Where’s the plan?
ISLAND traffic delays are potentially costing us more than £38m. each year. That’s more than Northern Rail cost UK business this summer, ie £38m., by delaying passengers with timetable changes.
Transport on the island is almost 100% by private motor vehicle, car, van, truck, motorbike and scooter. Bus passengers, cyclists and pedestrians barely make a dent.
At a very conservative estimate there are an average 4,000 motor vehicles on Guernsey roads at any time between 8am and 6pm. Of these, approximately 1,200 are being used for business by the self-employed, private employers or those fulfilling activities for the States of Guernsey.
It costs an employer at least £50 an hour to put these vehicles on the road and there are 2,500 working hours in a year.
That means the total cost to keep these vehicles on the road in Guernsey is £150m. Assuming, conservatively, traffic flow is 33% inefficient, eg a 10-minute journey takes 15 minutes, the annual cost to employers of vehicles stuck in traffic is a whopping £50m.
Despite road traffic being the only practical method of transport on the island, successive governments have failed to implement a meaningful road traffic strategy and none have addressed the road traffic infrastructure.
While we may take comfort when sitting in traffic on Les Banques admiring the view across the Little Russel, listening to Radio 2 traffic updates and feeling smug that we are not stuck on the M25, this impacts us all.
An extra 10 minutes added to a 10-minute journey may easily be dismissed, but do it six times and what should take one hour has cost you two.
When a one-hour journey regularly takes two hours in Leeds, Manchester, Paris or New York, government would look to address it. Immediately after the rail chaos in July this year Manchester’s mayor Andy Burnham quantified the Northern Rail delays at 945,180 passenger hours of delay, 22,504 hours per day, and he expressed his concerns to the Prime Minister. The Northern Powerhouse Project put a cost on this, advising that businesses had lost almost £38m. as a result.

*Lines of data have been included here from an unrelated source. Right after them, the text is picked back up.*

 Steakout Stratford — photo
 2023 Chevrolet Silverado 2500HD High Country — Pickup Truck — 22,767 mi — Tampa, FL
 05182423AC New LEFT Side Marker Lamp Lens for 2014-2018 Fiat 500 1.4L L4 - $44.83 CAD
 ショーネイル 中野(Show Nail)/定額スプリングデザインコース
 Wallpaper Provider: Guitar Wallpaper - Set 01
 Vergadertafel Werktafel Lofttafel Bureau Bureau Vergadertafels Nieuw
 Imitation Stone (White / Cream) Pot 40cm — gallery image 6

Here government appears not to be aware of the cost of their inaction. Instead they exacerbate the problem by slowing the flow of traffic with courtesy and pelican crossings, reducing speed limits and installing traffic calming measures. In addition, Policy & Resources increases fuel tax annually, further compounding the £50m. loss, impacting businesses’ bottom lines. A loss which, if recovered, would contribute some £10m. annually in income tax to the exchequer. A loss which would reduce government’s own costs as they have a whole regiment of vehicles on the road transporting social workers, carers, inspectors and the States Works fleet of vehicles.
Again, these are conservative figures based on personal research and traffic counts – critically, government is unable to challenge them as it only knows how many vehicles are registered, not how many are actively using the roads and for how long.

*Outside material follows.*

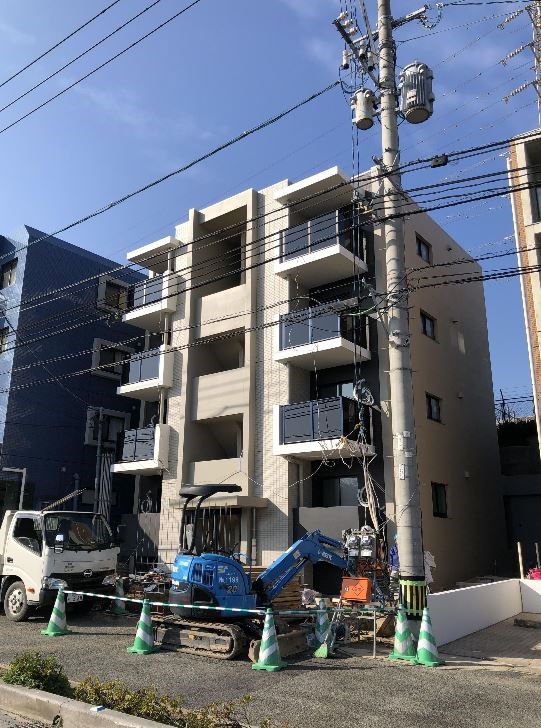 外観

Neither does it know how many vehicles pass through the major road junctions. The last traffic count at the Half Way was in 2010 and 2011, when 2,188 vehicles passed through the junction in one hour. That was seven years ago, therefore a 4,000 estimate for vehicles on the whole island’s roads is probably low.
Our government has no plans to address this. Current policy is to vainly hope we abandon our vehicles to ride the bus or get on our bike. Impractical for average road users and impossible for most commercial vehicles such as Ronez, which could not deliver concrete by bike or bus.

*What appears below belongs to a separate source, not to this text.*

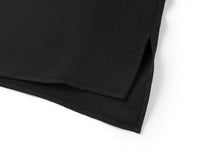 Mulberry Silk Camisole Vest | Black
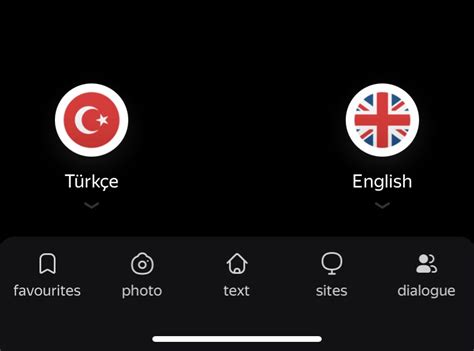 ingilizce den türkçeye çeviri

The States Strategic Plan of 2009 was to be supported by a family of 10 plans. One of these was to be the Island Infrastructure Plan. Nine years later this plan has not been produced and until it is, the States’ Strategic Plan has no foundation and will continue to teeter like a two-legged stool.
This explains why we find Environment & Infrastructure carrying out random projects with no good reason or scant evidence to prove that they are beneficial to anyone.
Meanwhile the island continues to lose £50m. a year and the exchequer loses £10m. The increase in fuel duty by comparison, if approved, will raise a paltry £0.5m.
It is astonishing to believe that any government would be so indifferent about such losses. Surely it makes sense to produce a truly integrated traffic strategy? Integrated into an island infrastructure plan which would realise some massive savings.
In addition, it would reassure parishes, currently facing massive development, that it is part of a well thought-out plan and not government making it up as it goes along.
. Rob Gill is a douzenier for St Sampson’s. Now semi-retired, he is a qualified civil and structural engineer. As part of his training he studied traffic management with Norfolk County Council and at the California State University Long Beach. In his early career he worked for McAlpine on the M62 and M67 motorways.